Parents and adult children
When you’re about to ask a friend or a colleague whether they’re going home for the holidays this week, think twice.
The holidays — so often tied to family and tangled in questions of going home — are not always so happy when you are estranged from a parent or child. They’re even more difficult when well-meaning types push you to bury the hatchet for the sake of peace in this theoretically joyous season.
Kristina Scharp, an assistant professor at Utah State University and director of the Family Communication Lab there, has published extensively about parent-child estrangement. She defines estrangement as occurring when at least one family member voluntarily and intentionally distances himself or herself from another because of an ongoing negative relationship. And she notes that estrangement is complicated for the people experiencing it.
“Sometimes estrangement means a clean break, a fight and that’s it, but it can also be a chaotic disassociation, a relationship that’s on and off again over the years,” Scharp explained.
Estrangement is not simply needing to distance oneself from a parent and not coming home for the holidays one year, added Leah Bryant, an associate professor from DePaul University who teaches Family Communication and the Dark Side of Human Relationships.
“There’s a difference between wanting a hiatus or wanting space for awhile and deciding that your life would be better without them,” Bryant said.
How Estrangement Happens
Bryant notes that estrangement is not usually a mutual process, and the circumstances depend on who is doing the estranging.
“With adult children, it is often based on prolonged psychologically damaging interactions — mistreatment, abuse or just indifference — with their parents, and they finally have the fortitude to put some distance between themselves or sever that relationship,” Bryant said.
There is an idealized image of what families are like, and it’s a reminder now that the family is broken and they worry that maybe they themselves are broken.
— Professor Leah Bryant, DePaul University
Parents often don’t know why their child is estranged from them, though most people have heard stories about children of narcissistic moms who severed ties or “casually cruel” parents who severed for their own sanity and self- preservation as well as that of their loved ones.

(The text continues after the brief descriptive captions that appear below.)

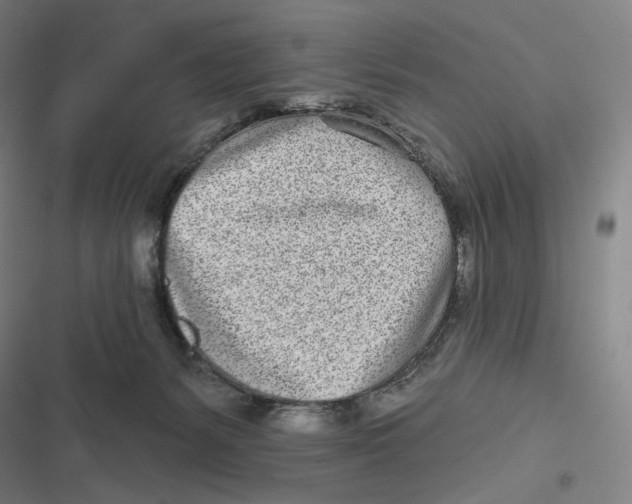 X0000116810127201001081403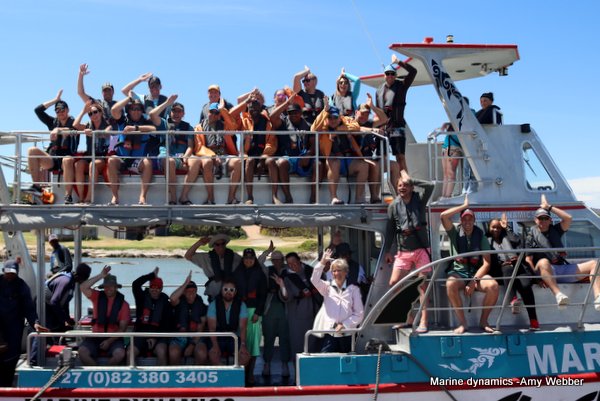 Shark Cage Diving, South Africa
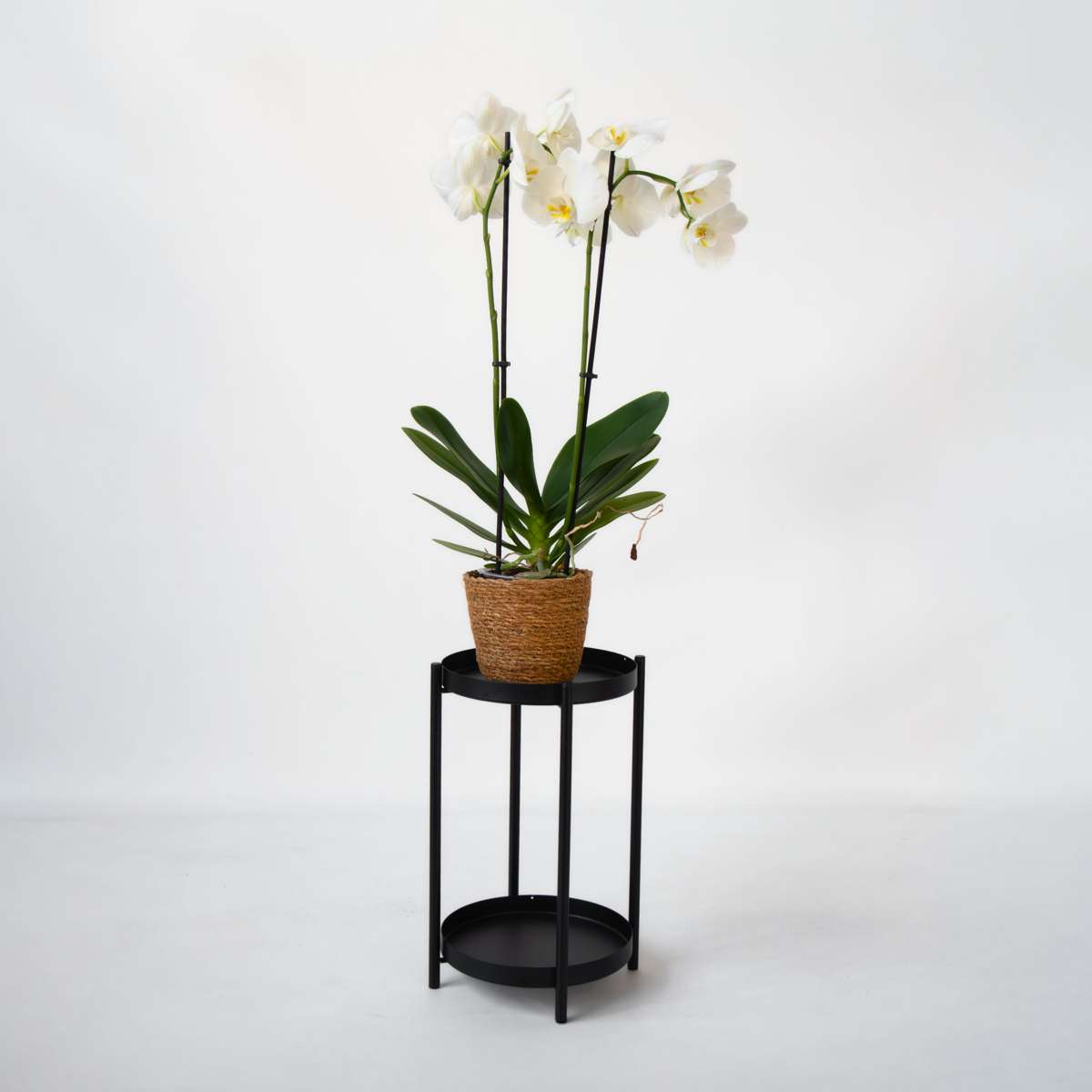 Orhidee Phalaenopsis - Phalaenopsis - Înălţime 50-60cm - ⌀12cm
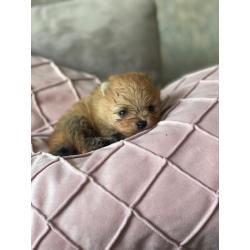 Pomerenian | pups | puppy | FCI | Pomeriaan | bear | orange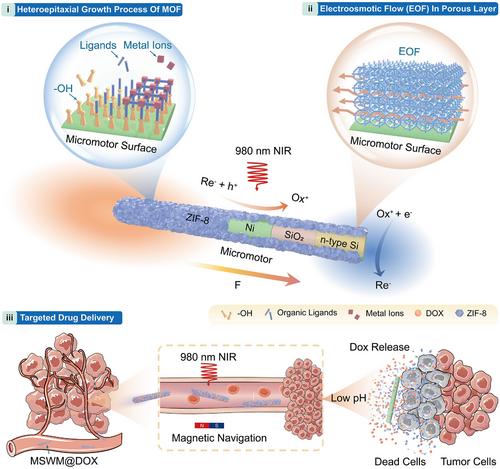 MOF Coating Enhances the Ion Tolerance of Micromotors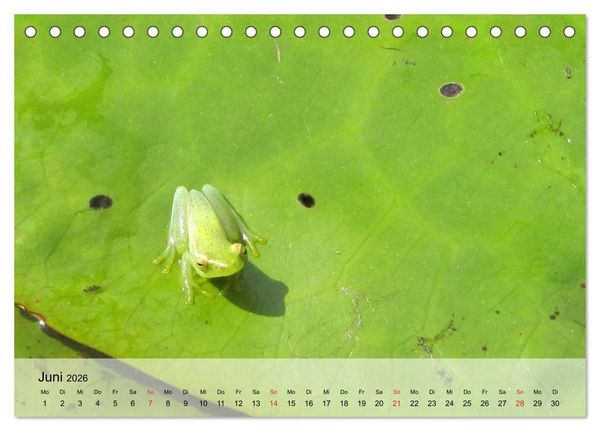 Produktbild: Frosch m&uuml;sste man sein! (Tischkalender 2026 DIN A5 quer), CALVENDO Monatskalender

Scholars point out that this type of estrangement is sometimes healthy for both people in the relationship.
“A lot of parents have no idea why their grown children don’t talk to them anymore, and it’s devastating to them,” said Scharp. “It’s this weird thing where it feels terrible, but it’s probably also helpful because often, the other person (parent or child) might not be good for them.”
Although there are varied reasons cited for parents severing ties with their adult children, Bryant said much of the research cites parental disapproval of their child’s love interest or sexuality. In these cases, the estrangement can become mutual, she said.